Defensive Programming

Defensive programming is the practice of writing code that anticipates and guards against incorrect usage, unexpected inputs, and environmental failures. Rather than assuming inputs are valid and systems behave predictably, a defensive programmer treats every external boundary as a potential source of failure and writes code that remains correct even when conditions are not ideal.

The goal is not paranoia but reliability: software that degrades gracefully, fails with clear messages, and never silently produces wrong results.

Core Principles

  • Validate all inputs at system boundaries: never trust data from users, external APIs, file systems, or inter-process communication without checking it first.
  • Assume external data is untrusted and potentially malformed: external means anything outside your current function or module.
  • Fail explicitly rather than silently continuing: when something is wrong, surface it immediately instead of allowing corrupt state to propagate.
  • Use assertions to document and verify invariants: assertions state what must be true and make violations visible during development.
  • Handle errors explicitly at every layer: avoid swallowing exceptions or returning null without explanation.
  • Minimize shared mutable state: shared state is the primary vector for unexpected mutations and race conditions.

Key Techniques

Input Validation

Validate inputs as close to the entry point as possible. Reject invalid data before it enters your processing logic.
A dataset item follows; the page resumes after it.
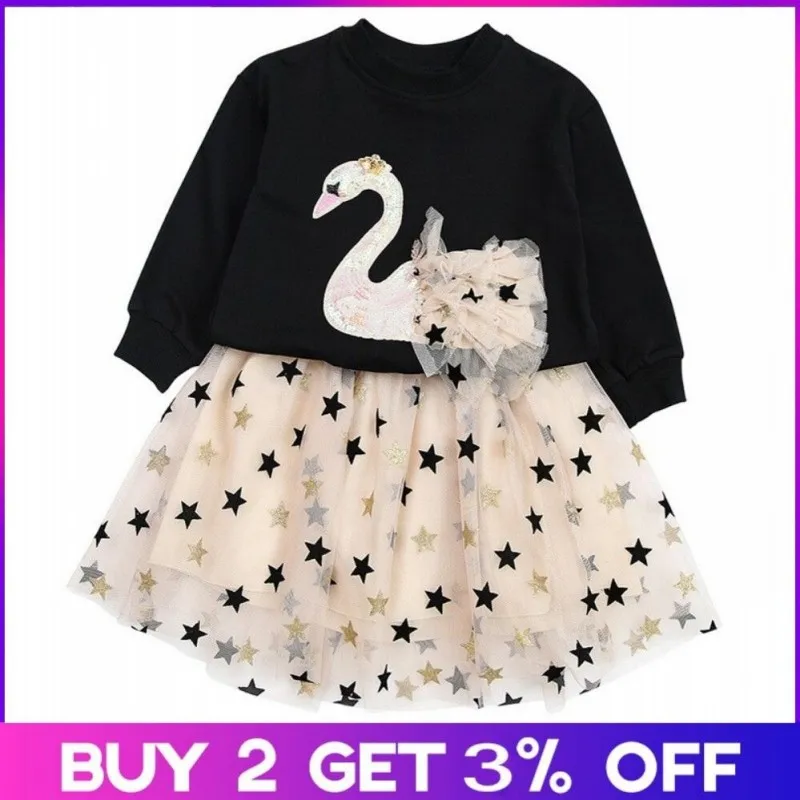 Г. Осеннее платье для девочек платье принцессы платья с длинными рукавами для девочек топ-пуловер+ платье-пачка Повседневный Детский костюм повседневный костюм из 2 предметов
function createUser(name, age):
    if name is empty:
        throw InvalidArgumentError("name cannot be empty")
    if age < 0 or age > 150:
        throw InvalidArgumentError("age must be between 0 and 150")
    // proceed with valid data

Validation at boundaries prevents invalid state from propagating deeper into the system, where it becomes harder to diagnose.

Assertions and Invariants

Assertions express conditions that must always be true at a given point in the code. They are not error handling for user input; they are contracts about internal correctness.
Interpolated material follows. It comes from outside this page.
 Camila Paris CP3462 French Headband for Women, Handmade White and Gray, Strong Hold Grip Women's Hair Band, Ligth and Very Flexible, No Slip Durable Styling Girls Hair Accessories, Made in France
function calculateDiscount(price, rate):
    assert price >= 0, "price must be non-negative"
    assert 0 <= rate <= 1, "rate must be a fraction"
    return price * rate

Assertions are typically enabled in development and disabled in production, but the practice of naming invariants explicitly makes code easier to reason about regardless.

Explicit Error Handling

Avoid hiding errors. Return typed error values or throw typed exceptions instead of returning null, -1, or a sentinel value that callers might ignore.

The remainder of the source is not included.